Pictures with short captions:
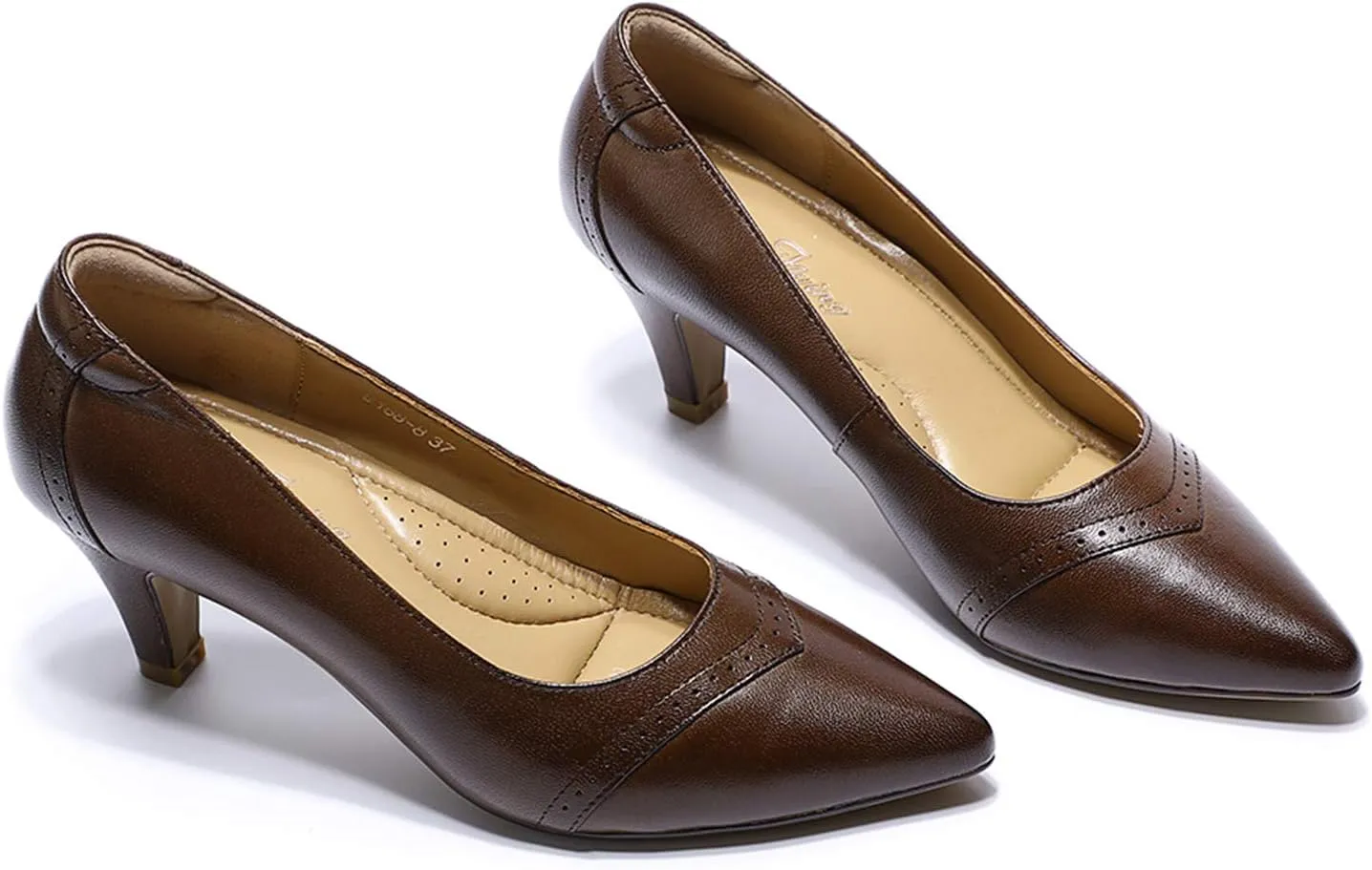 Mona flying Women's Leather Pointed Toe Dress Pumps Comfort High Heels Office Work Shoes for Ladies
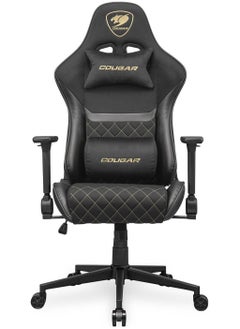 اشتري Cougar Armor One V2 F Gaming Chair, Woven Fabric Surface, 4D Folding Armrests, 155° Reclining, Piston Lift Height Adjustment, Up to 120kg Weight Support, Black / Gold | 3MA2FGLB.0001 في الامارات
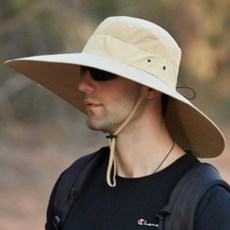 와이드 등산모자 버킷햇 벙거지 자외선차단 여름 모자, 베이지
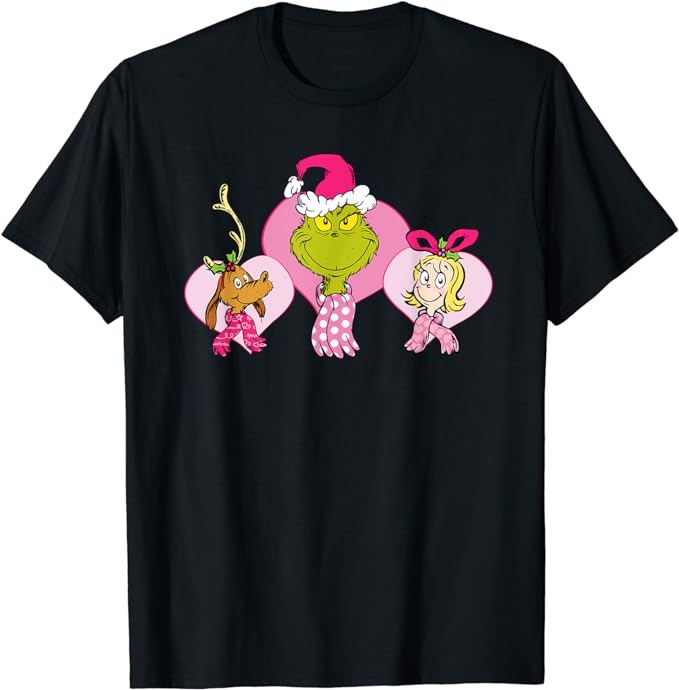 Dr. Seuss Pink Heart Trio T-shirt T-Shirt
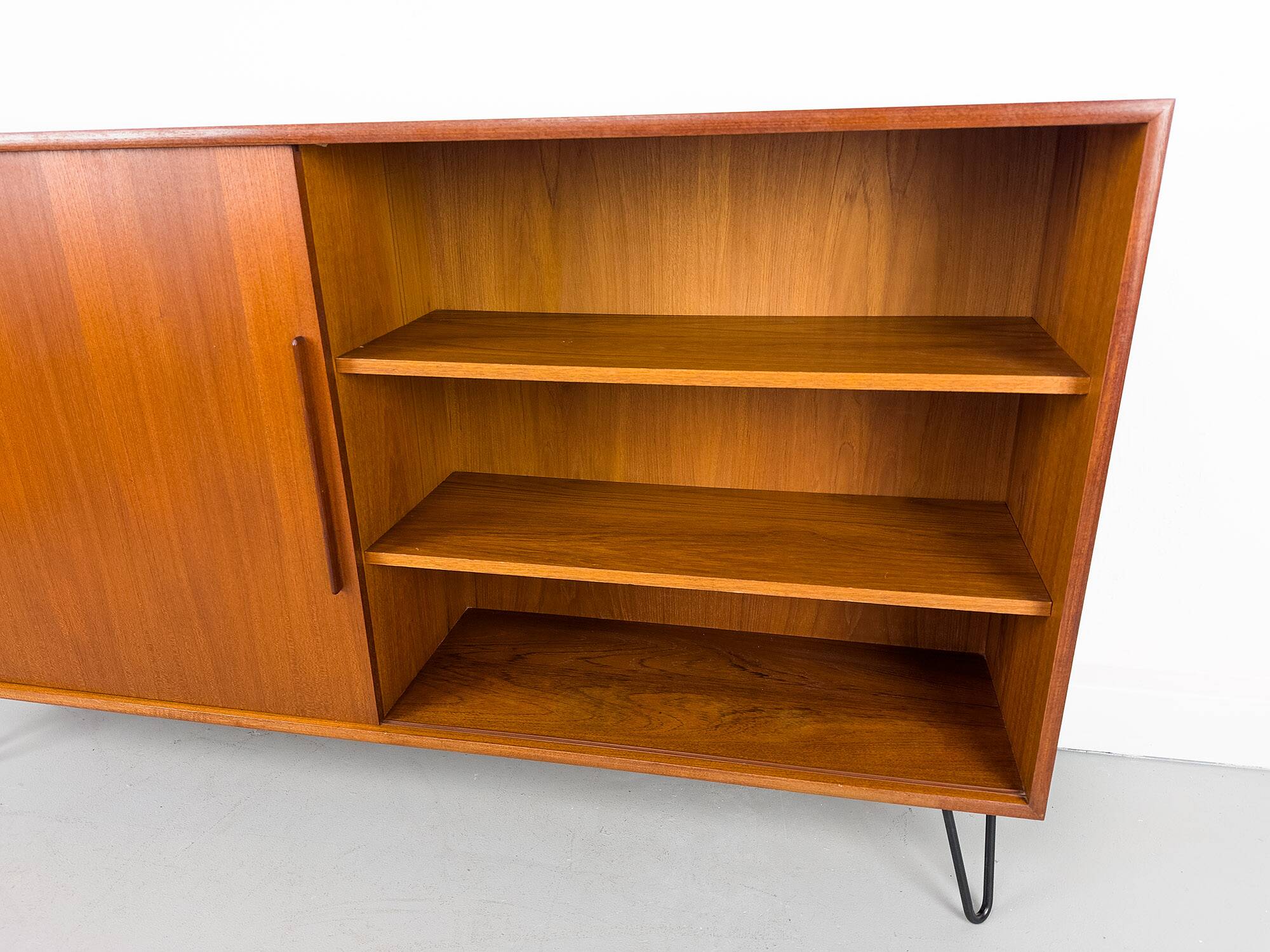 Teak Bookcase with One Sliding Door from Wk Möbel, 1960s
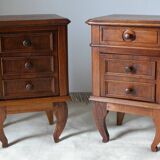 Pair of old walnut bedsides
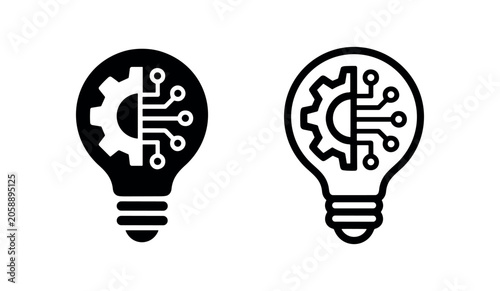 Slika na platnu Innovation and engineering concept icon with light bulb, gear, and circuit board in solid and outline, for smart solutions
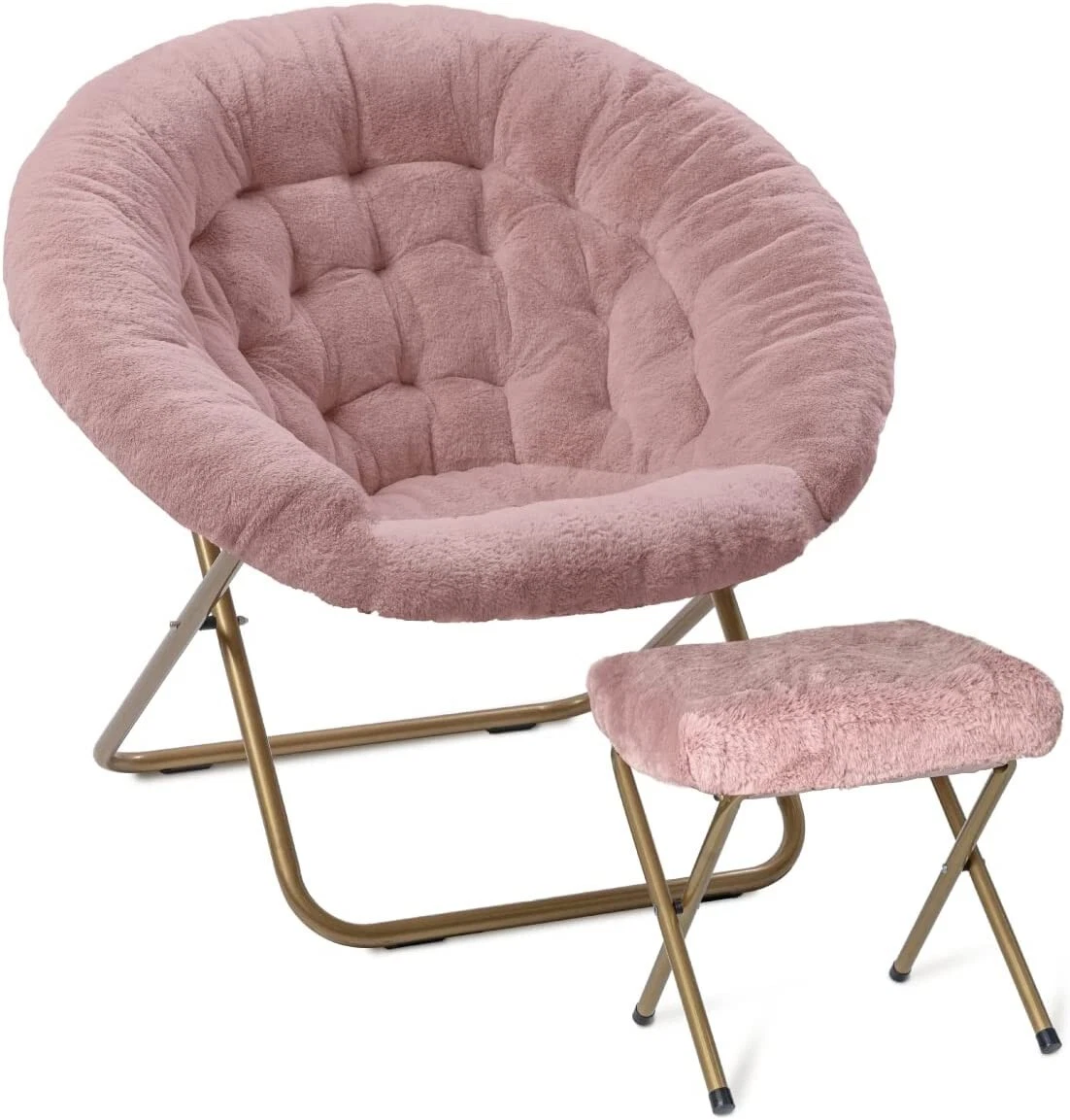 Cozy Chair with Footrest Ottoman Faux Fur Saucer Chair for Bedroom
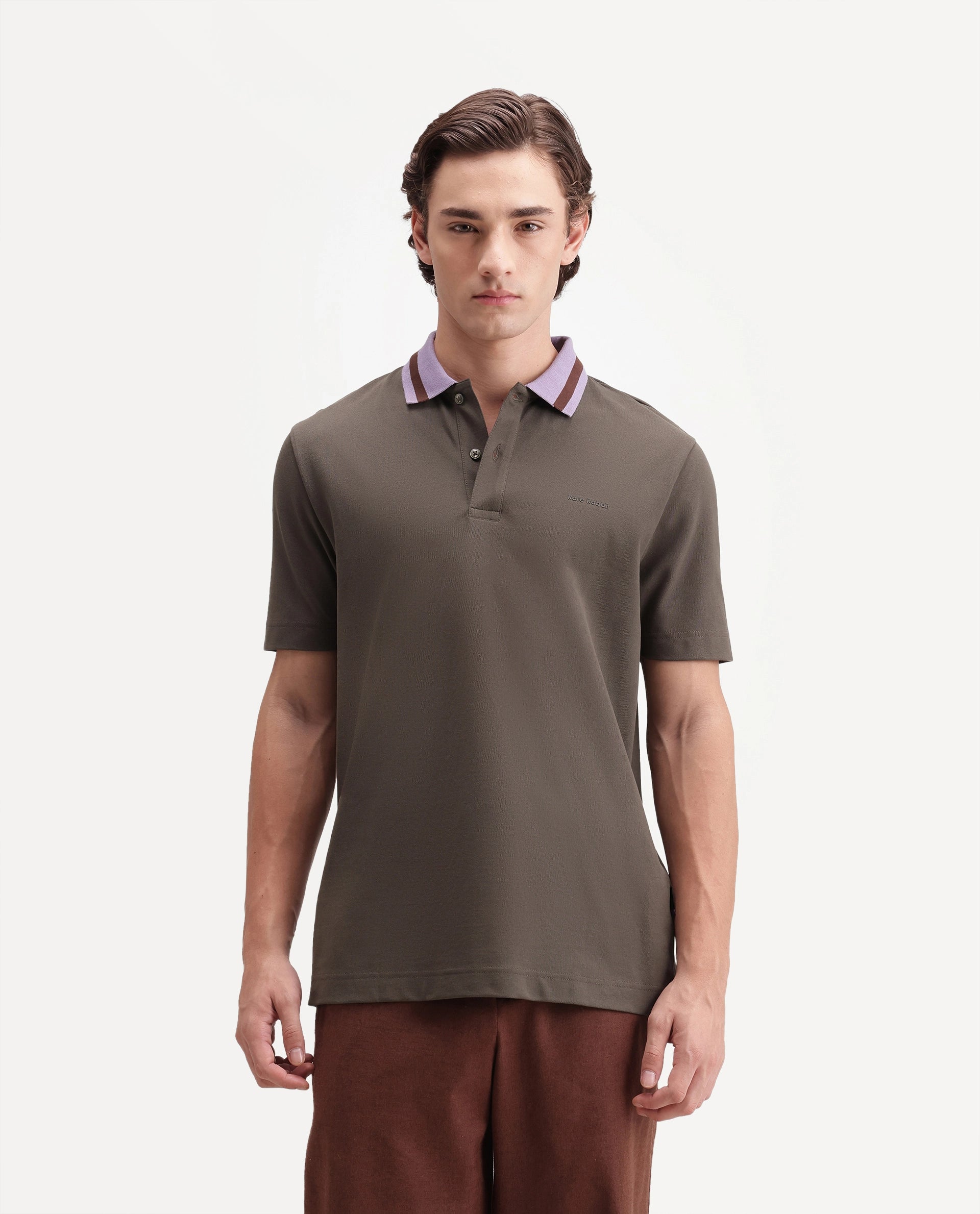 Rare Rabbit Men's Meson Olive Cotton Blend Spread Collar Regular Plain Polo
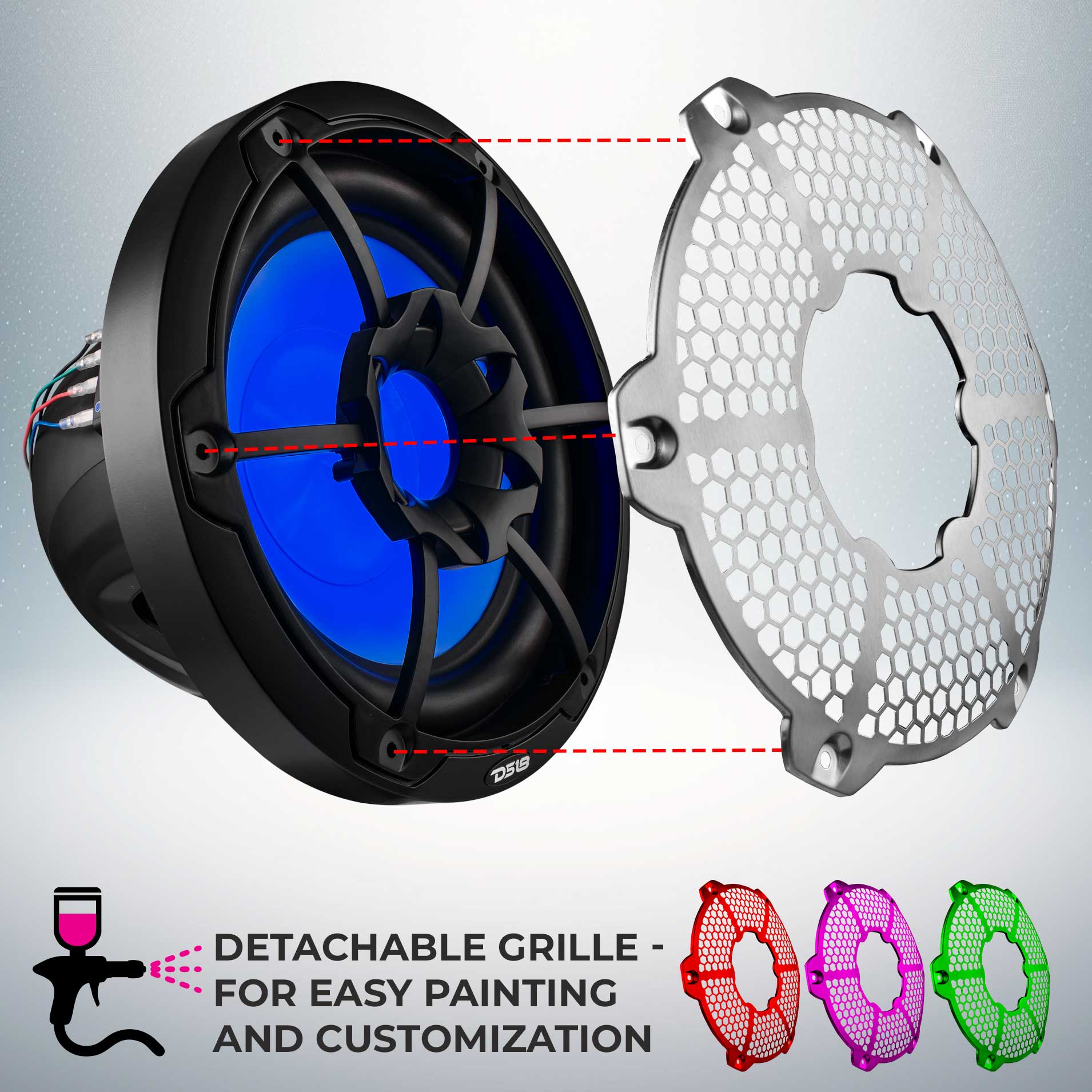 NXL 10" Marine Subwoofer with RGB LED Lights 300 Watts Rms SVC 4-Ohm - Black - Image 2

_ACTION ITEM_. Could you output all of the records exactly, without their pictures?

_RESULT BELOW_.
 Mona flying Women's Leather Pointed Toe Dress Pumps Comfort High Heels Office Work Shoes for Ladies
 اشتري Cougar Armor One V2 F Gaming Chair, Woven Fabric Surface, 4D Folding Armrests, 155° Reclining, Piston Lift Height Adjustment, Up to 120kg Weight Support, Black / Gold | 3MA2FGLB.0001 في الامارات
 와이드 등산모자 버킷햇 벙거지 자외선차단 여름 모자, 베이지
 Dr. Seuss Pink Heart Trio T-shirt T-Shirt
 Teak Bookcase with One Sliding Door from Wk Möbel, 1960s
 Pair of old walnut bedsides
 Slika na platnu Innovation and engineering concept icon with light bulb, gear, and circuit board in solid and outline, for smart solutions
 Cozy Chair with Footrest Ottoman Faux Fur Saucer Chair for Bedroom
 Rare Rabbit Men's Meson Olive Cotton Blend Spread Collar Regular Plain Polo
 NXL 10" Marine Subwoofer with RGB LED Lights 300 Watts Rms SVC 4-Ohm - Black - Image 2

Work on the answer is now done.